16.11.23

Искать живое в себе

Известный российский артист Игорь ГОРДИН — о русском психологическом театре, исторических хрониках и кино

ДОСЬЕ
ИГОРЬ ГОРДИН

Советский и российский актёр театра и кино, заслуженный артист РФ. Родился 6 мая 1965 года в Ленинграде в семье инженеров. В 1993 году окончил актёрский факультет Российского института театрального искусства — ГИТИСа (курс Ирины Судаковой), после чего был принят в труппу Московского театра юного зрителя (МТЮЗа), где работает по настоящее время. 

В Новосибирске прошёл фестиваль актуального театра «Гравитация», подаривший встречи с самыми топовыми российскими спектаклями последних сезонов. Одним из таких стал спектакль «Саша, привет!», который привёз в Новосибирск Театр наций, где главную роль сыграл Игорь Гордин, известный зрителю по многочисленным ярким работам в кино и театре. Коренной питерский интеллигент, живущий и работающий в Москве, но считающий город на Неве своим местом силы.

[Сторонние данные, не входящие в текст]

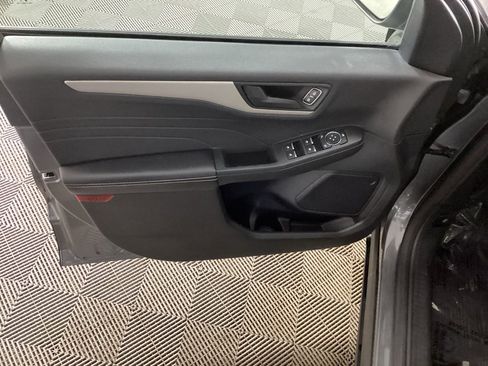 Used 2022 Ford Escape SE w/ Convenience Package image 16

— Игорь Геннадьевич, спектакль «Саша, привет!» ближе по форме к формальному театру, где артисты играют на шахматной доске чётко выверенных мизансцен. Как вы себя чувствуете в этих предлагаемых обстоятельствах?

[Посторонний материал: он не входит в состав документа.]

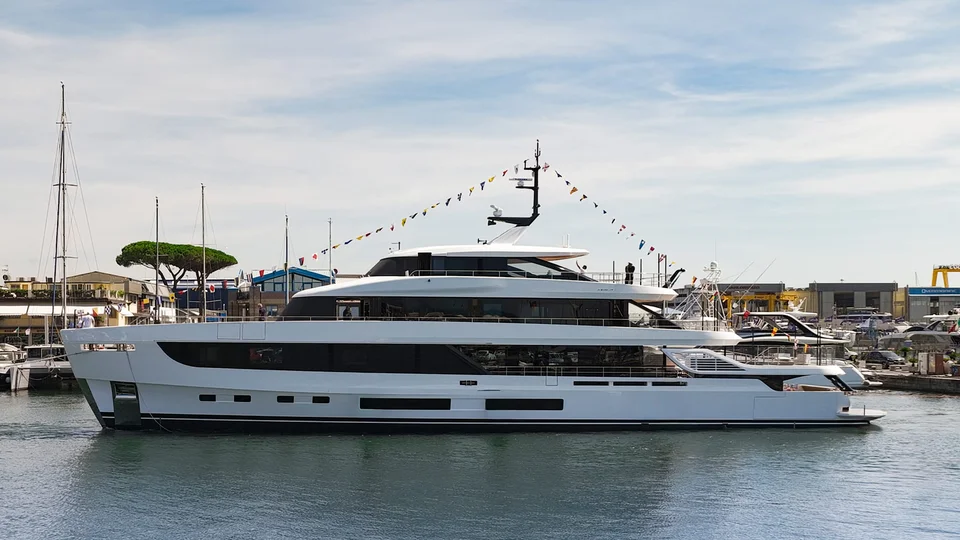The first Azimut Grande 44M unit was launched early in July 2026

— Да, такой формальный театр для меня — не совсем обычная форма, но мне было очень интересно поработать с режиссёром Маратом Гацаловым — я видел его спектакли, но всегда не понимал: как он это делает? Форма актёрского существования, которую предложил режиссёр, была непривычна моей природе, поэтому, конечно, было трудно. Это действительно формальный театр, где много замечательной музыки и пения, поэтому я себя чувствовал немного инсталляцией — нужно было найти себя в этих правилах игры. Но это не означает, что спектакль подавлял мою внутреннюю природу, нет. Просто тебе заданы некие рамки, и ты в них аккуратно существуешь.

— Вам как артисту ближе русский психологический театр, чем современная постдрама?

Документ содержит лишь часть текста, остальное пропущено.